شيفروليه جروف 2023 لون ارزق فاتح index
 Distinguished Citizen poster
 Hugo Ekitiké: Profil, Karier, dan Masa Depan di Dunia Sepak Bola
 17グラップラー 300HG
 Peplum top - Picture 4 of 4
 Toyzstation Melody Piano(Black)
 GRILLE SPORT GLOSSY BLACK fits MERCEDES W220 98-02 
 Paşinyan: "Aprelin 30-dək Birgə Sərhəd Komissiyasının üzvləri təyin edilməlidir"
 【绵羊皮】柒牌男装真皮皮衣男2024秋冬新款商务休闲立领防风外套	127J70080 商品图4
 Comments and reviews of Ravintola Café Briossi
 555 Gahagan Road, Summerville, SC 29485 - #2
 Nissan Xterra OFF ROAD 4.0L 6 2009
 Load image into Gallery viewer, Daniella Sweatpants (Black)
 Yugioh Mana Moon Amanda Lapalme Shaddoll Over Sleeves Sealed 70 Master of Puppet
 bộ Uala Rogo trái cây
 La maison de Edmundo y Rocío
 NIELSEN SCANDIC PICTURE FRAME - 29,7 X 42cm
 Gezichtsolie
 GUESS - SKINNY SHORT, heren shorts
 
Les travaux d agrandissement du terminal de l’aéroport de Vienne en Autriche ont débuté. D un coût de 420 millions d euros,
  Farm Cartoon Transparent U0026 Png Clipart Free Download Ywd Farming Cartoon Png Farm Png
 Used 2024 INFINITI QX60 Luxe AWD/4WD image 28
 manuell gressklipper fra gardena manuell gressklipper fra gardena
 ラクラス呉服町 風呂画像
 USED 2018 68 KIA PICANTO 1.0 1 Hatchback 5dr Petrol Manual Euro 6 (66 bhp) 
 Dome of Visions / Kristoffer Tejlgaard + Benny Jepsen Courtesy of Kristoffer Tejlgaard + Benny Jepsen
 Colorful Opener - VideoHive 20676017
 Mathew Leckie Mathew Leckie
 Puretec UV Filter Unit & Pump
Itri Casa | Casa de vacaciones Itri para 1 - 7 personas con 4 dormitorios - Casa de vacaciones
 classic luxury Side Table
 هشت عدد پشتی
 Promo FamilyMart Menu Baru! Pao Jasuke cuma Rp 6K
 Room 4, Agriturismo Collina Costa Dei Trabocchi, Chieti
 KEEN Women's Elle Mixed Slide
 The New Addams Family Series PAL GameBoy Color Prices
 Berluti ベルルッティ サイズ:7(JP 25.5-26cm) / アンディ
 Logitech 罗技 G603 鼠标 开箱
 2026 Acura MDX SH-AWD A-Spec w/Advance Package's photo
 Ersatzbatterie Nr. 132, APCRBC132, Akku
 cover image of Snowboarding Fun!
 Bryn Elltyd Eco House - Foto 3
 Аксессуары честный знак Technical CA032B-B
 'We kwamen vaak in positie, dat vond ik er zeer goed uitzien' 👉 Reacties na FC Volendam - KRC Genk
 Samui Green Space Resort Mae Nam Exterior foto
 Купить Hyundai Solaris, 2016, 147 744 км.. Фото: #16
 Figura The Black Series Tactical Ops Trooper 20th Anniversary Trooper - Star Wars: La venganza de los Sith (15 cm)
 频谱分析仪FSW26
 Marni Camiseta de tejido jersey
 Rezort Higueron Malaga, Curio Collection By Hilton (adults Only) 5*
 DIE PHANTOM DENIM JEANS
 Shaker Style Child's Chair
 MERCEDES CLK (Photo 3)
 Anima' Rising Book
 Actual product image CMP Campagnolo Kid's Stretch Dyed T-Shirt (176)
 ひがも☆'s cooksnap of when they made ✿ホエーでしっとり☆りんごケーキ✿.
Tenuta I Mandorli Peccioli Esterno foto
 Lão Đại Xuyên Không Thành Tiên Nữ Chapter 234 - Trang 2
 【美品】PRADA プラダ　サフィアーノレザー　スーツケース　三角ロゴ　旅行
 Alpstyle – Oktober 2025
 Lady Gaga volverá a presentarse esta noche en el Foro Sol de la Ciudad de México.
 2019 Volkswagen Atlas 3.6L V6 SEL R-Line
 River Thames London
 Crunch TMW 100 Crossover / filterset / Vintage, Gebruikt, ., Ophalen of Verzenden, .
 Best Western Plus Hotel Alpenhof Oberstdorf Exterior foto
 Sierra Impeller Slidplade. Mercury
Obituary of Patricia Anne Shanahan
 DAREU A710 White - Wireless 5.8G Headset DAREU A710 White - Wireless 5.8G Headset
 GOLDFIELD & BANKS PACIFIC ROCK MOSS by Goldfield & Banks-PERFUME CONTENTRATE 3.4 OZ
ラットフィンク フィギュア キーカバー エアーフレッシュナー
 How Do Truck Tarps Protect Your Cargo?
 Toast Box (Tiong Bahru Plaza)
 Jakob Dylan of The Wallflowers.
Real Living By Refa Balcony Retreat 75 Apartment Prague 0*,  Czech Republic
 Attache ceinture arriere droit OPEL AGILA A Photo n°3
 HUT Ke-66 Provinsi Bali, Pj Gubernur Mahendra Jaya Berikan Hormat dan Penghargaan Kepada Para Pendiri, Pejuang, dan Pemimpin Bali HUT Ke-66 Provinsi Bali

++++++++++++++++++++

▶ **EXERCISE REQUIREMENTS**
What you return must be the lines from the line holding "DAREU A710 White - Wireless 5.8G Headset DAREU" through the final line of the material, word for word, and nothing more.

▶ **TASK OUTPUT**
 DAREU A710 White - Wireless 5.8G Headset DAREU A710 White - Wireless 5.8G Headset
 GOLDFIELD & BANKS PACIFIC ROCK MOSS by Goldfield & Banks-PERFUME CONTENTRATE 3.4 OZ
ラットフィンク フィギュア キーカバー エアーフレッシュナー
 How Do Truck Tarps Protect Your Cargo?
 Toast Box (Tiong Bahru Plaza)
 Jakob Dylan of The Wallflowers.
Real Living By Refa Balcony Retreat 75 Apartment Prague 0*,  Czech Republic
 Attache ceinture arriere droit OPEL AGILA A Photo n°3
 HUT Ke-66 Provinsi Bali, Pj Gubernur Mahendra Jaya Berikan Hormat dan Penghargaan Kepada Para Pendiri, Pejuang, dan Pemimpin Bali HUT Ke-66 Provinsi Bali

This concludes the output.